Statements
Peter Cook
Peter Cook on “city objects”.
“Only very feeble cities cannot absorb buildings of overt personality, but like a human personality a building can become more and more intriguing as we delve inside and get to know it. Thus, the Kunsthaus is a rotund, laughing, winking face. A straightforward and revealing entry area, then a tantalising element (the travelator) that invites you into the unknown. The mystery deepens in the dark, magic space. More tantalisation and a different facet of the same character and finally revealing (onto the needle) that the intentions were benign.”
Peter Cook on “shape or content”.
“It is fashionable in academic-architectural circles to both (1) be suspicious of exotic shapes and forms and (2) be immersed in the magic of surfaces created by form. There are all sorts of pitfalls: when you are describing and representing a building like the Kunsthaus Graz, you are (of course) describing the shape and the boundary form. For goodness sake – it’s a definite thing. It looms up above your head into the sky and it is shapely. Yet when I have to remind various useful people about the need for gradations of light, the significance of subtle positioning, the degree of processional or incidental or bifocational or decoy-like space and the placement of devices, the eyes of most listeners glaze over. When Colin and I discuss the deliberate ambiguities of curved edge, definite object, misty distance, oblique view, we are probably thought of as tricky, obtuse or full of bullshit.
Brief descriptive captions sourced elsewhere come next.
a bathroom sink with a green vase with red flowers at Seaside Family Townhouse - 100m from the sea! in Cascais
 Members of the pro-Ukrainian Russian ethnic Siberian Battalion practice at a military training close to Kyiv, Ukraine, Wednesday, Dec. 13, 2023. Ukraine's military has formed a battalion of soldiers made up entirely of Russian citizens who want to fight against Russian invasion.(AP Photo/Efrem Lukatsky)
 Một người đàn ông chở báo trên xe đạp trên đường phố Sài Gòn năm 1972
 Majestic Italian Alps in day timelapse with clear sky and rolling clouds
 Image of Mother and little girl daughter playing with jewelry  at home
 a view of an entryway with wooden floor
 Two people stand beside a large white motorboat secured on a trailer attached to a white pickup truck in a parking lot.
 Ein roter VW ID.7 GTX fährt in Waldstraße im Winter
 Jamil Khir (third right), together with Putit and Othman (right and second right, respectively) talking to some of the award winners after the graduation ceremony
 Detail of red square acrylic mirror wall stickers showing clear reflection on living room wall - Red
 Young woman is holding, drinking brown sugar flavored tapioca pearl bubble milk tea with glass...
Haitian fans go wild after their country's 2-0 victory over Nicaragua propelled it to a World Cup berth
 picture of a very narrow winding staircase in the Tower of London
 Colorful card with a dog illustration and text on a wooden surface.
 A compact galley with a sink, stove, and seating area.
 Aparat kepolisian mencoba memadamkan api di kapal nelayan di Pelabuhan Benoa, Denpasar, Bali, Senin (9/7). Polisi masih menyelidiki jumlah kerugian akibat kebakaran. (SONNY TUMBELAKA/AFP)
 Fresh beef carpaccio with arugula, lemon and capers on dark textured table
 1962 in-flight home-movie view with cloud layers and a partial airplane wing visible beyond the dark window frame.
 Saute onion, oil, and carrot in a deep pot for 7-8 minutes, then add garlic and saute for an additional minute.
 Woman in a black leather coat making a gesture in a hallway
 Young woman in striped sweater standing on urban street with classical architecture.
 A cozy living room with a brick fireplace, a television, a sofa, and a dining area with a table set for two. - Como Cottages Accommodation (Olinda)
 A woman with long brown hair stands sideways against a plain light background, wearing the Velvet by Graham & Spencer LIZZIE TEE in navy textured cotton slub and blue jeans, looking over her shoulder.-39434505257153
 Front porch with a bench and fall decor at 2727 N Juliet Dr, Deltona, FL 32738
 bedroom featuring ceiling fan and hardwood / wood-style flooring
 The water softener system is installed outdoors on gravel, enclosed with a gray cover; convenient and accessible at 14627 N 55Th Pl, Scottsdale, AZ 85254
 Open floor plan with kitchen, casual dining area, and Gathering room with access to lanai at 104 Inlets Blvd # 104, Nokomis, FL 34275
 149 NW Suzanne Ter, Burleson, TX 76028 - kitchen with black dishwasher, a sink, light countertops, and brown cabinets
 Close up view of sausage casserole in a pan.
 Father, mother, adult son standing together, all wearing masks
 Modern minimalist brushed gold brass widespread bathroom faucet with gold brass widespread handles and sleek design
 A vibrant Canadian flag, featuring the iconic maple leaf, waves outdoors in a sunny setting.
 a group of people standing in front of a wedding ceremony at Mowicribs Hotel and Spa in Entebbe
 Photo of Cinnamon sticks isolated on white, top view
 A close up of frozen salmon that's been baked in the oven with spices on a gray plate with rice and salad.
In fact, the building, like many of the late 20th century or early 21st century has the technical and cultural advantage of being able to simultaneously play upon the need for certain contents or devices to assert themselves firmly ... and for others to be wayward, subtle, ambiguous or occasional.”
Peter Cook: "Did you enjoy?"
"It is my hope that people enjoy the Kunsthaus. So that when there is a stunningly good exhibition it does no more than serve as a support facility and when there is a tedious exhibition on it can still provide the visitor with a memorable ambience. My suspicion is that it will also offer the visitor another regard for the city of Graz itself. The castle re-assessed as it is glimpsed through the naughty orifice, the city as it is seen from the high needle deck, the disappearing ground of street and River Mur as you glide up into the unknown. Did you enjoy the shafts of light? The interruption of the sky by the curves? The pull of the edges? The hidden apses? Did Fischer von Erlach ask those questions when he (surely) invited us to enjoy?"